Multi-modal Attention for Speech Emotion Recognition
Zexu Pan, Zhaojie Luo, Jichen Yang, Haizhou Li
TL;DR
This paper tackles speech emotion recognition by leveraging visual and textual cues through a hybrid fusion approach. It introduces MMAN, combining a multi-modal attention-based early-fusion sub-network (cLSTM-MMA) with three uni-modal sub-networks, and fuses their outputs in a late stage. The directional, cross-modal attention enables richer cross-modality interactions, achieving state-of-the-art 73.94% accuracy on IEMOCAP with substantially fewer parameters than competing methods. The results demonstrate the value of incorporating three modalities and the efficiency of the proposed attention mechanism for robust emotion recognition in realistic settings.
Abstract
Emotion represents an essential aspect of human speech that is manifested in speech prosody. Speech, visual, and textual cues are complementary in human communication. In this paper, we study a hybrid fusion method, referred to as multi-modal attention network (MMAN) to make use of visual and textual cues in speech emotion recognition.

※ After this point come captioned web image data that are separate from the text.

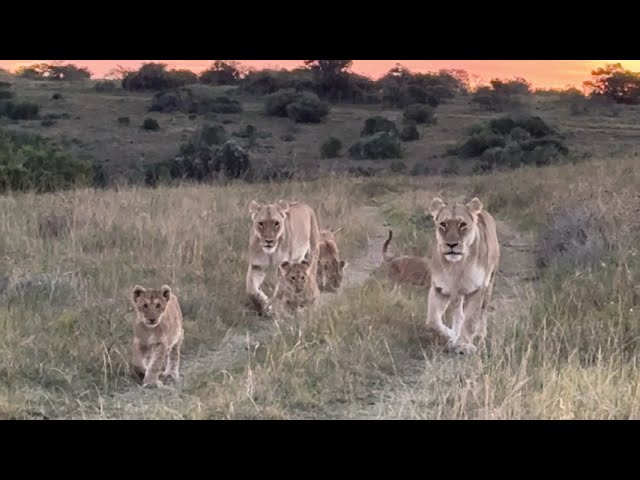 Lioness’s walking theirs cubs at sunset. Schotia Private Game Reserve (South Africa)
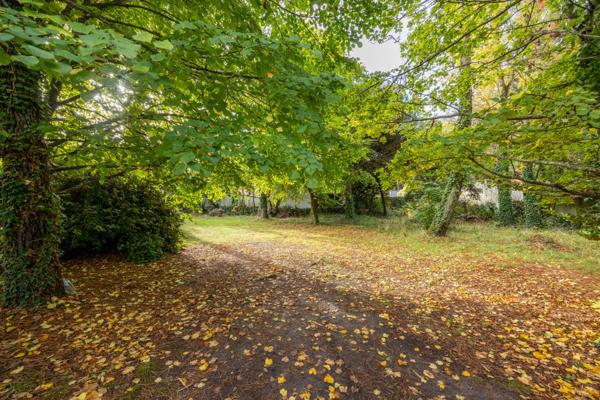 Terrain arboré de 904m²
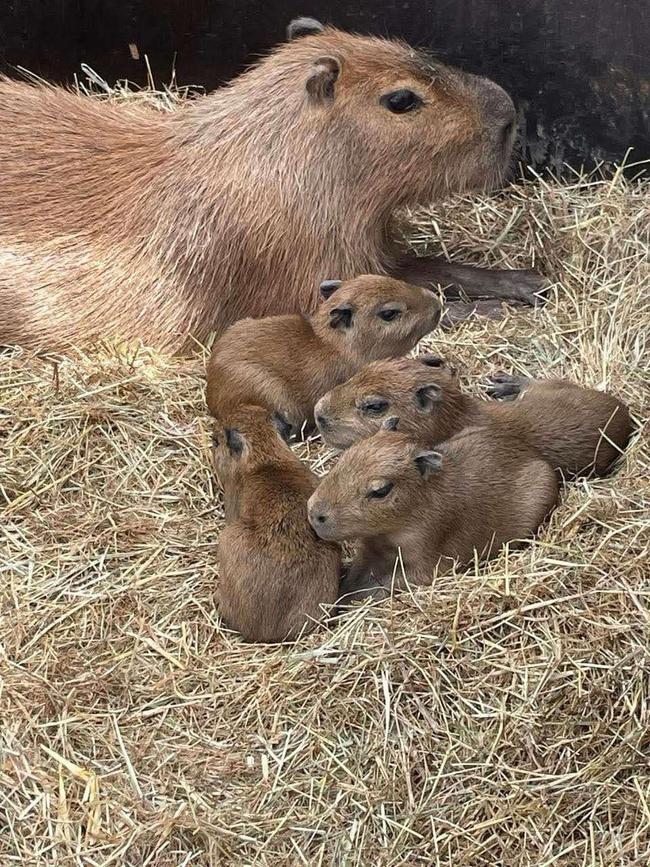 Capybara Mum Pina Colada and her quadruplets born on February 5, 2025. Picture: Wing's Wildlife Park.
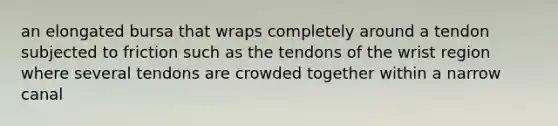 an elongated bursa that wraps completely around a tendon subjected to friction such as the tendons of the wrist region where several tendons are crowded together within a narrow canal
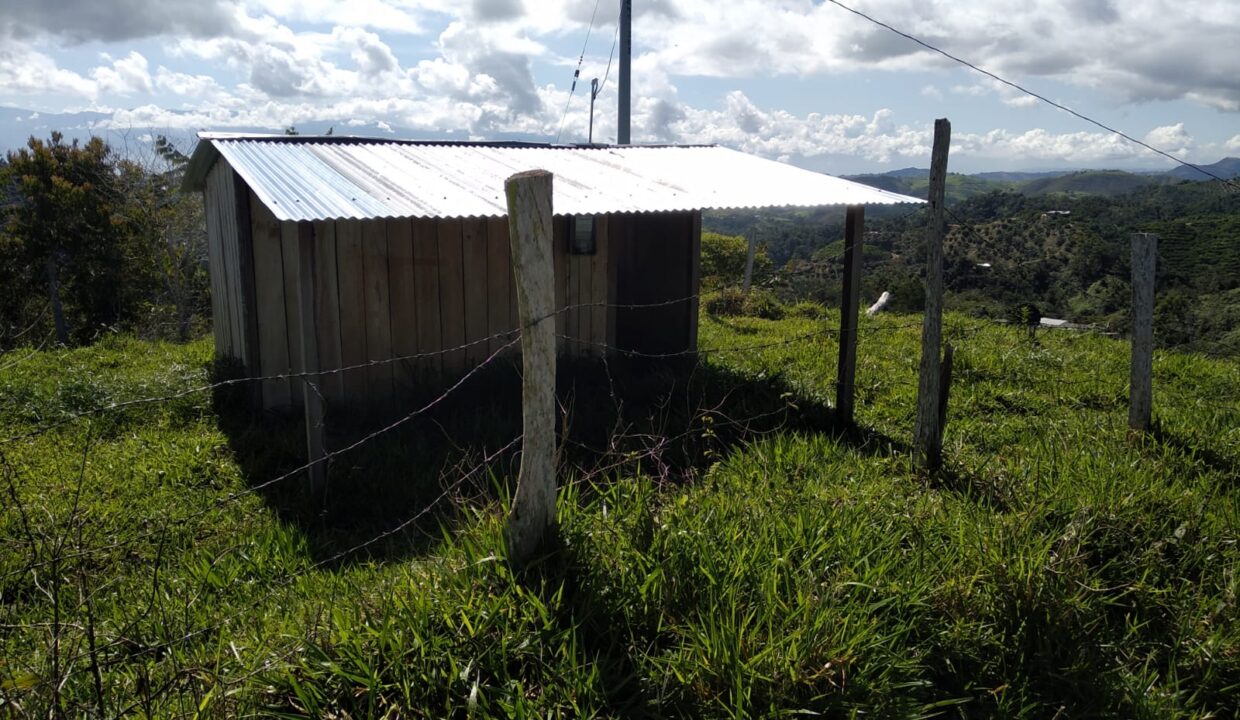 WhatsApp Image 2025-08-24 at 12.41.30 PM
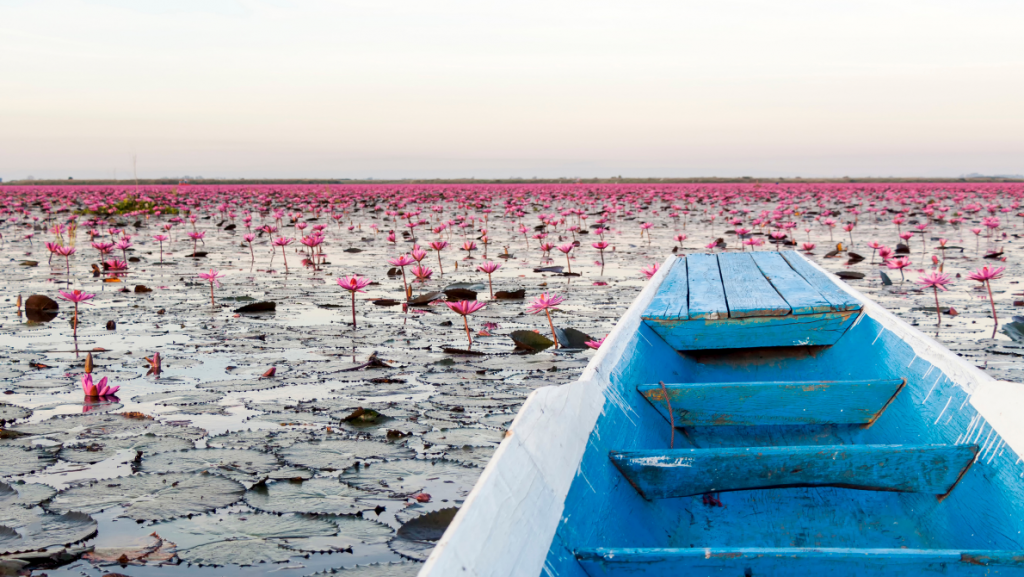 Nong Han Kumphawapi Lake - Red Lotus Sea unique places in Thailand you should see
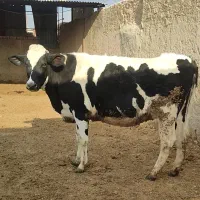 ‌گاو گوشتی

We propose a novel multi-modal attention mechanism, cLSTM-MMA, which facilitates the attention across three modalities and selectively fuse the information. cLSTM-MMA is fused with other uni-modal sub-networks in the late fusion. The experiments show that speech emotion recognition benefits significantly from visual and textual cues, and the proposed cLSTM-MMA alone is as competitive as other fusion methods in terms of accuracy, but with a much more compact network structure. The proposed hybrid network MMAN achieves state-of-the-art performance on IEMOCAP database for emotion recognition.